This page defines the complete set of validation rules for a CML AMP project conforming to the Distributed XGBoost with Dask pattern. Rules are categorized by domain and severity.
Severity levels:
ERROR — the artifact is invalid and will fail at runtime.
WARNING — the artifact may work but deviates from the expected contract.
Rule Severity Description
S-001ERROR Repository must contain .project-metadata.yaml at root
S-002ERROR .project-metadata.yaml must parse as valid YAML
S-003ERROR requirements.txt must exist at root
S-004ERROR scripts/predict_fraud.py must exist
S-005ERROR model/best-xgboost-model must exist (post-training only)

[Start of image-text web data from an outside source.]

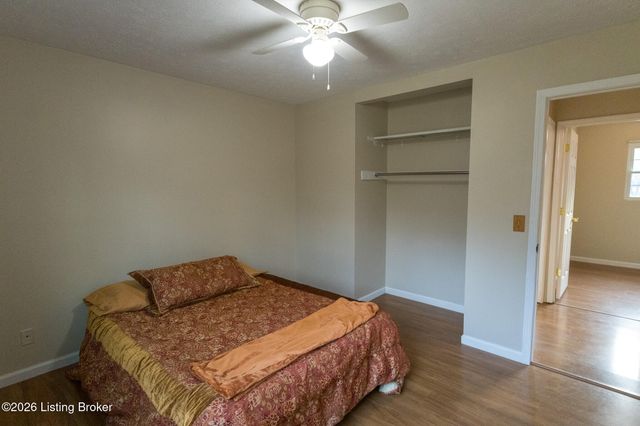 4601 Logby Pl, Louisville, KY 40272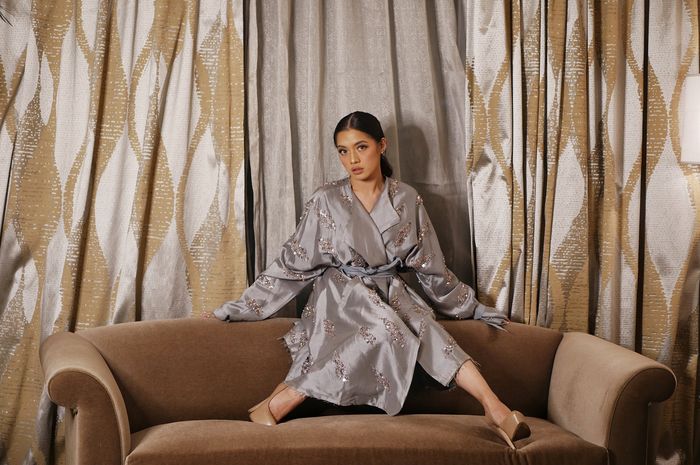 8 Gaya Trendy Cantika Abigail, Putri Penyanyi Jean Pattikawa - Semua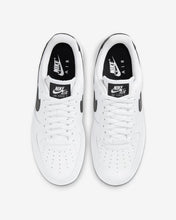 Cargar imagen en el visor de la galería, NIKE AIR FORCE 1
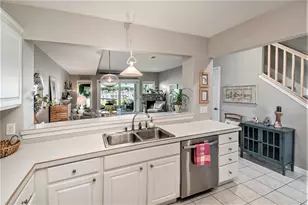 963 W Savidge St, Spring Lake, MI 49456 - Photo 12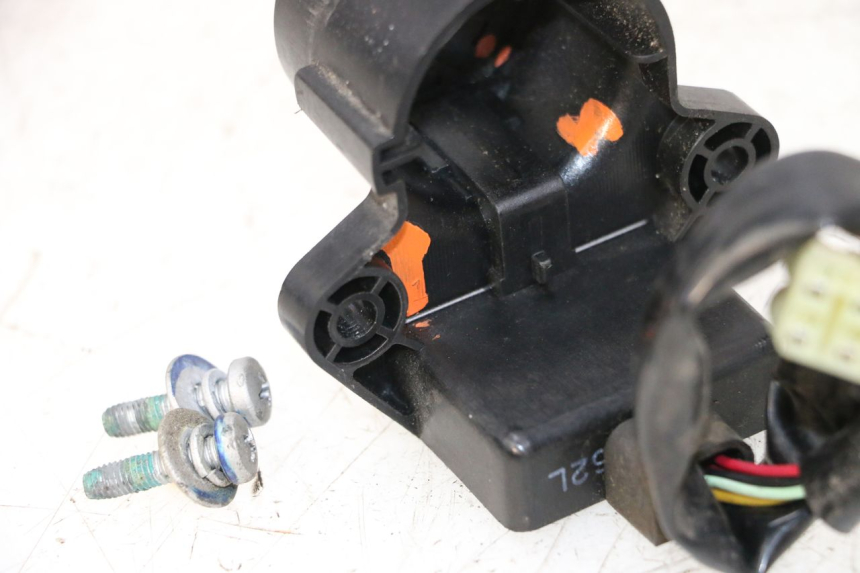 photo de ANTENA TRANSPONDEDOR YAMAHA XMAX X-MAX 125 (2006 - 2009) - Ampliação técnica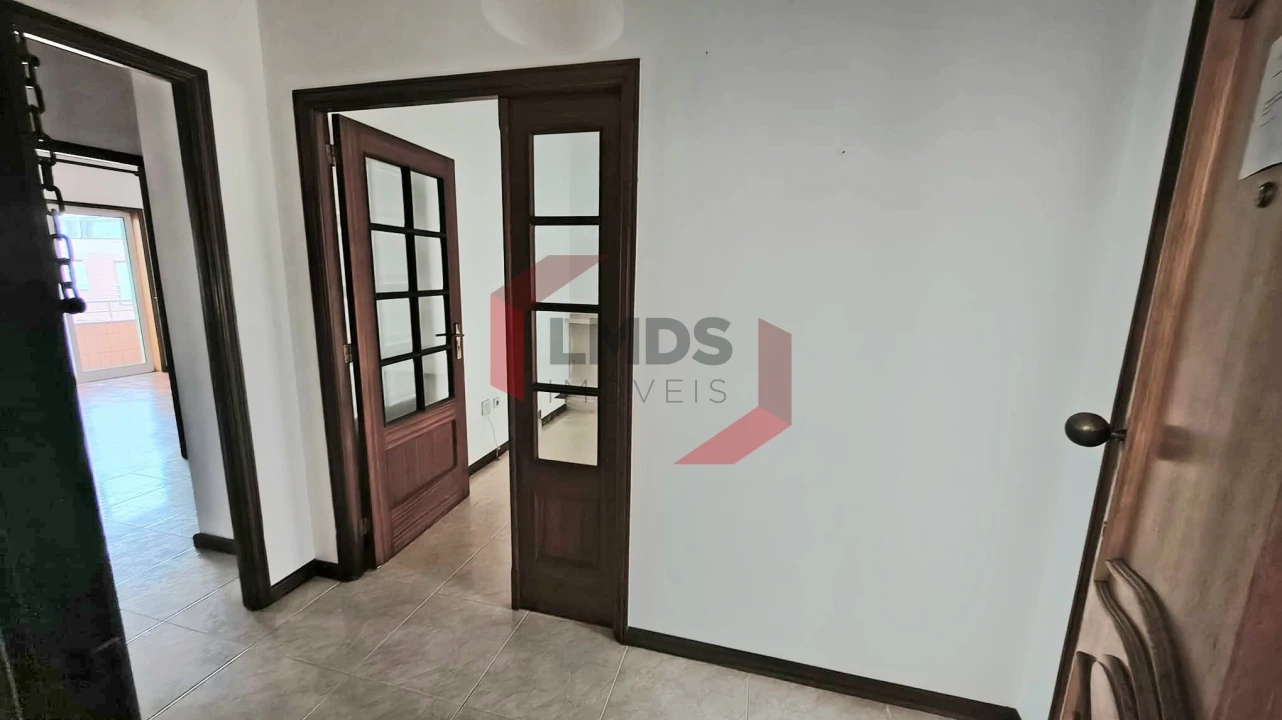 Apartamento T2 para Venda em Madalena Foto 6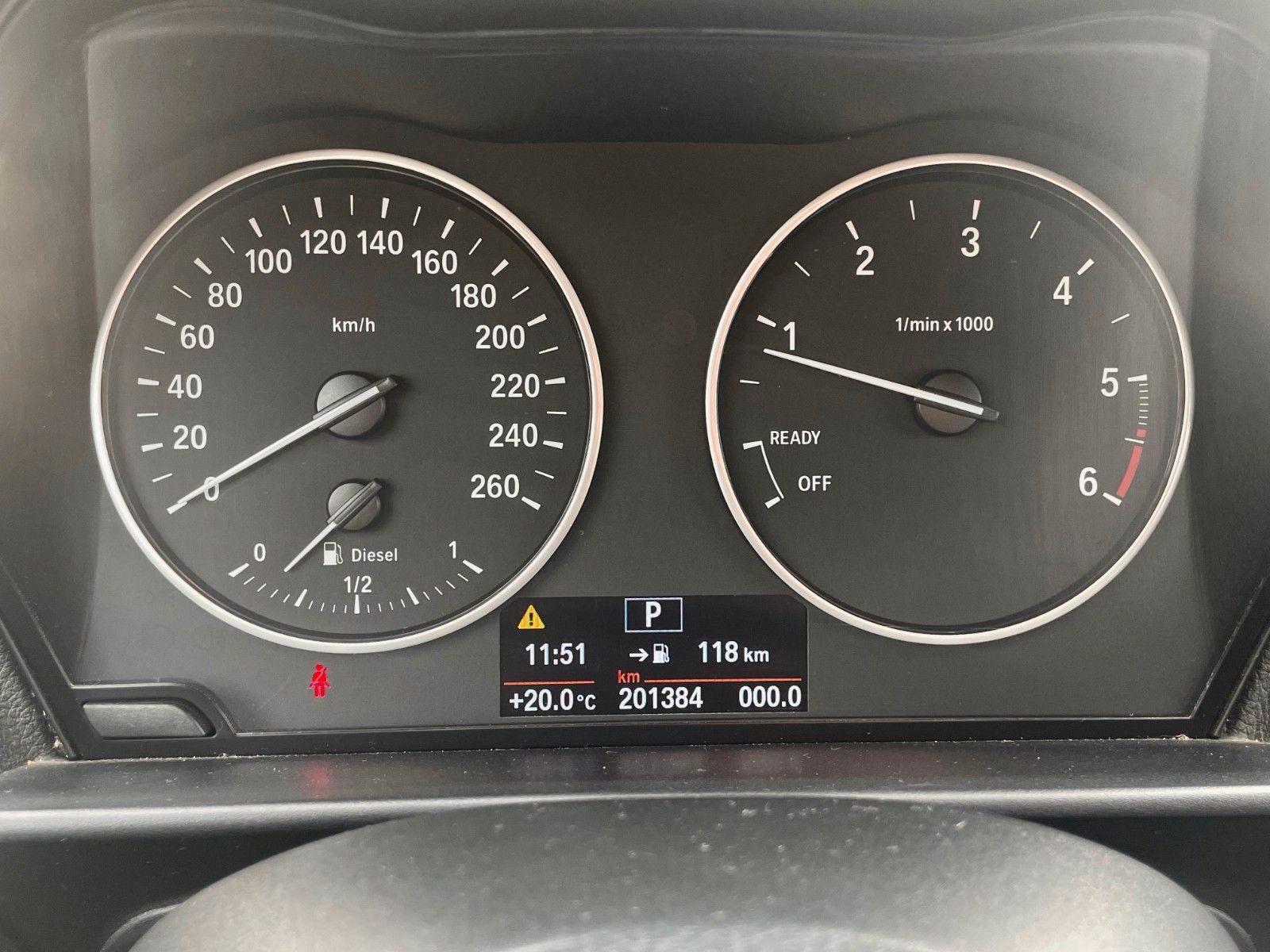 Fahrzeugabbildung BMW 118d 5-Türer Automatik Xenon PDC SZH SCHECKHEFT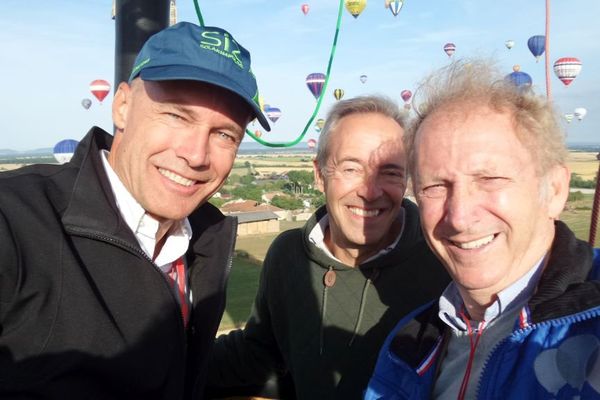 Bertrand Piccard en vol, dimanche 26 juillet 2015, avec ses amis Jean-François Clervoy et Gérard Feldzer.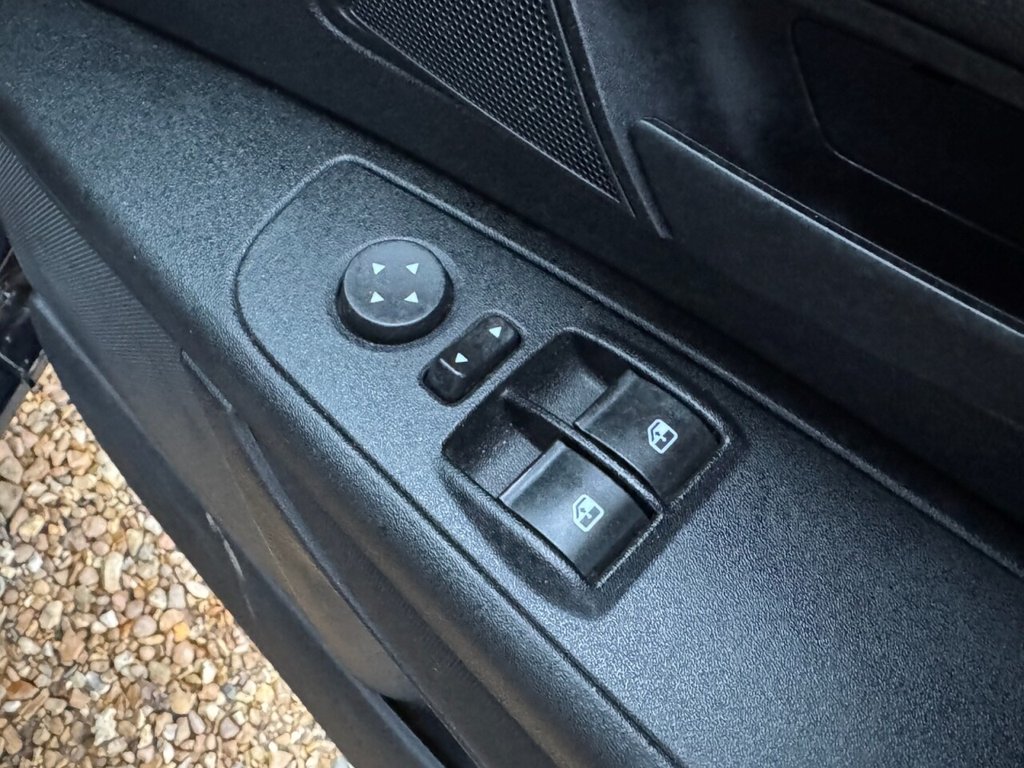 Used Fiat Punto 2012 for sale - 77038217: Photo 13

S-006ERROR cdsw-build.sh must exist
S-007ERROR utils/dask_utils.py must exist
S-008ERROR setup.py must exist at root
Rule Severity Description
D-001ERROR requirements.txt must include xgboost
D-002ERROR requirements.txt must include dask (with or without [complete] extra)
D-003ERROR requirements.txt must include scikit-learn
D-004ERROR requirements.txt must include -e . (local utils package)
D-005ERROR requirements.txt must include numpy
D-W01WARNING All packages should have pinned versions (==) for reproducibility
Rule Severity Description
E-001ERROR scripts/predict_fraud.py must parse as valid Python (no syntax errors)
E-002ERROR scripts/predict_fraud.py must define a function named predict_fraud
E-003ERROR predict_fraud must accept exactly one parameter (args)
E-004ERROR Module must load a model from /home/cdsw/model/best-xgboost-model
E-005ERROR Module must define a threshold variable
E-W01WARNING threshold should be a float between 0.0 and 1.0
E-W02WARNING predict_fraud should return an integer (0 or 1)
Rule Severity Description
A-001ERROR .project-metadata.yaml must contain a runtimes list with at least one entry
A-002ERROR Runtime kernel must specify Python 3.9 or higher
A-003ERROR Runtime editor must be JupyterLab
A-004ERROR At least one task must reference scripts/install_dependencies.py
A-W01WARNING specification_version should be 1.0
Rule Severity Description
C-W01WARNING utils/dask_utils.py should define run_dask_cluster
C-W02WARNING run_dask_cluster should accept num_workers, cpu, memory parameters
C-W03WARNING run_dask_cluster should return a dict with keys: scheduler, workers, scheduler_address, dashboard_address
C-W04WARNING Scheduler should listen on TCP port 8786
Rule Severity Description
B-001ERROR cdsw-build.sh must be a valid shell script (starts with a command, not a syntax error)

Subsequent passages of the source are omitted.